Quote of the Day
””Life would be so wonderful if we only knew what to do with it”
- Greta Garbo
Musical alternative to the morning’s radio news
Schubert | Die Forelle, D550
Long Read of the Day
The Mars Religion
Terrifically caustic essay by Maciej Cieglowski about the current obsessions about going to Mars…
When you hold on to a belief so strongly that neither facts nor reason can change it, what you are doing is no longer science, but religion. So I’ve come to believe the best way to look at our Mars program is as a faith-based initiative. There is a small cohort of people who really believe in going to Mars, the way some people believe in ghosts or cryptocurrency, and this group has an outsize effect on our space program.
At NASA, the faith takes the form of a cargo cult. The agency has persuaded itself that re-enacting the Moon landings with enough fidelity will reward them with a trip to Mars, bringing back the limitless budgets, uncomplicated patriotism, and rapt public attention of the early sixties. They send up their rockets with the same touching faith that keeps Amtrak hauling empty dining cars across the prairie, dreaming of the golden age of rail.

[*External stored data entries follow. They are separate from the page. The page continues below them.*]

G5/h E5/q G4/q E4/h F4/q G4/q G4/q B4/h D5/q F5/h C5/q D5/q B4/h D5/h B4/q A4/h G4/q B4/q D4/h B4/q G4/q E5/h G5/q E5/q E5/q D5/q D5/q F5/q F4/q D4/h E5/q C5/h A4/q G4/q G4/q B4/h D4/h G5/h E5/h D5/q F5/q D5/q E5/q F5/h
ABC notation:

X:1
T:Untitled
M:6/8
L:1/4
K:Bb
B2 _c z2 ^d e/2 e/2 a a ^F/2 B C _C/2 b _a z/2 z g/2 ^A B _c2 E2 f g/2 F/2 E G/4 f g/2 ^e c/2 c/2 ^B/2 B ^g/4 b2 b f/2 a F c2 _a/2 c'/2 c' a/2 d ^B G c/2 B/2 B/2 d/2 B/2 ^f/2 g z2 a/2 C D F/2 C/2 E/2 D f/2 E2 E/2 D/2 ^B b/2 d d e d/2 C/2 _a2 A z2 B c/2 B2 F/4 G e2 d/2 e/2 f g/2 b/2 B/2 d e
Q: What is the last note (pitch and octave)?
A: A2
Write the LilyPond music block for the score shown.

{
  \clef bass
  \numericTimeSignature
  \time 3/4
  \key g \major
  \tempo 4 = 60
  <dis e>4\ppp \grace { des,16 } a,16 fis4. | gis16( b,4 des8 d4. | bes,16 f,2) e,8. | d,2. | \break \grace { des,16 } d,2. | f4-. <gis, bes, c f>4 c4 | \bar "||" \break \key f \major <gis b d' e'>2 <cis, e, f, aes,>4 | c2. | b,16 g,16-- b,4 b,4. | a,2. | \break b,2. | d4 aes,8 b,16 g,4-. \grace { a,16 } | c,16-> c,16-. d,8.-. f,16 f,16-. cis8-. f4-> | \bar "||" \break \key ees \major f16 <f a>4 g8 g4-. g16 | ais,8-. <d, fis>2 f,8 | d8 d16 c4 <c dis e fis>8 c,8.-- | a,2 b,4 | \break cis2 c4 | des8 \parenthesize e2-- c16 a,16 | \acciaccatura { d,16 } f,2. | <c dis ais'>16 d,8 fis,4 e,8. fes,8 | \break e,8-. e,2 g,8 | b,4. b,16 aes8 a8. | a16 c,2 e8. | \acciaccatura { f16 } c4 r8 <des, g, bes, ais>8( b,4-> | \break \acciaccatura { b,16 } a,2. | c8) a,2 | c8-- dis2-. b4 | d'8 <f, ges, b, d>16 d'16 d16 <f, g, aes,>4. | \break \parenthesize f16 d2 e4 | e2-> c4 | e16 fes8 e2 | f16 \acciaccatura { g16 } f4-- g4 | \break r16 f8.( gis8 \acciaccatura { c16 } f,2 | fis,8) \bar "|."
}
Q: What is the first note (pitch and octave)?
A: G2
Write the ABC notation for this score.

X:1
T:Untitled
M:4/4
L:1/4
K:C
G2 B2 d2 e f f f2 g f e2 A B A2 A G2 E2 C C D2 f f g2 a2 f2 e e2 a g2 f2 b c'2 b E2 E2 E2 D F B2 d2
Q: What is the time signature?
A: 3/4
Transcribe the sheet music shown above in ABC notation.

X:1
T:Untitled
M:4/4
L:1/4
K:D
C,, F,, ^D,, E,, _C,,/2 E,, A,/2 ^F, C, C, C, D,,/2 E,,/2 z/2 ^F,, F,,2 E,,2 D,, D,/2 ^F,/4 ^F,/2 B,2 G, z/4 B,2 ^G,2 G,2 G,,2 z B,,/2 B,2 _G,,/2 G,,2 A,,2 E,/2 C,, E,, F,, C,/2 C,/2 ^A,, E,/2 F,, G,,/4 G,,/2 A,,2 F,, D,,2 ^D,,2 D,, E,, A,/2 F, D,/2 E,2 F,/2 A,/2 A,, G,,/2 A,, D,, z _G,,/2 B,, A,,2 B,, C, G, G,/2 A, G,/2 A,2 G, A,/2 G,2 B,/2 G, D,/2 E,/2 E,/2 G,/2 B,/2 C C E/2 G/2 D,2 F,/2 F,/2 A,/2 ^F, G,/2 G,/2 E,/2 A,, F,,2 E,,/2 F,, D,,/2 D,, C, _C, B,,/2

Outside of NASA, the Mars faith shades darker. It is part of a transhumanist worldview that holds mankind must either spread to the stars or die. Elon Musk, the Martian spiritual leader, has talked about the need to “preserve the light of consciousness” by making us a multiplanetary species. As he sees it, Mars is our only way off of a planet crawling with existential risk. And it’s not just enough to explore mars; we have make it a backup for all civilization. Failing to stock it with subsistence farming incels would be tantamount to humanity lying down in its open grave.
That is some heavy stuff to lay on a small, rocky world…
It is.
Thanks to Charles Arthur for spotting it. I enjoyed his acerbic take on it too:
The difficult and unglamorous problems of a Mars mission — how do you wash your socks? What is there to eat? — get no love from Elon Musk. Once you get beyond “rocket factory go brrrrr,” there is no plan, just a familiar fog of Musky woo. The Mars rockets will refuel from autonomous robot factories powered by sunlight. Their crews will be shielded from radiation by some form of electromagnetic handwaving. Life support, the hardest practical problem in space travel, “is actually quite easy”. And of course Musk dismisses the problem of microbial contamination (which I can’t emphasize enough is governed by international treaty) as both inevitable and no big deal.
My commonplace booklet
Study Finds That Buttons in Cars Are Safer and Quicker to Use Than Touchscreens
As some Tesla owners (including this one) will confirm.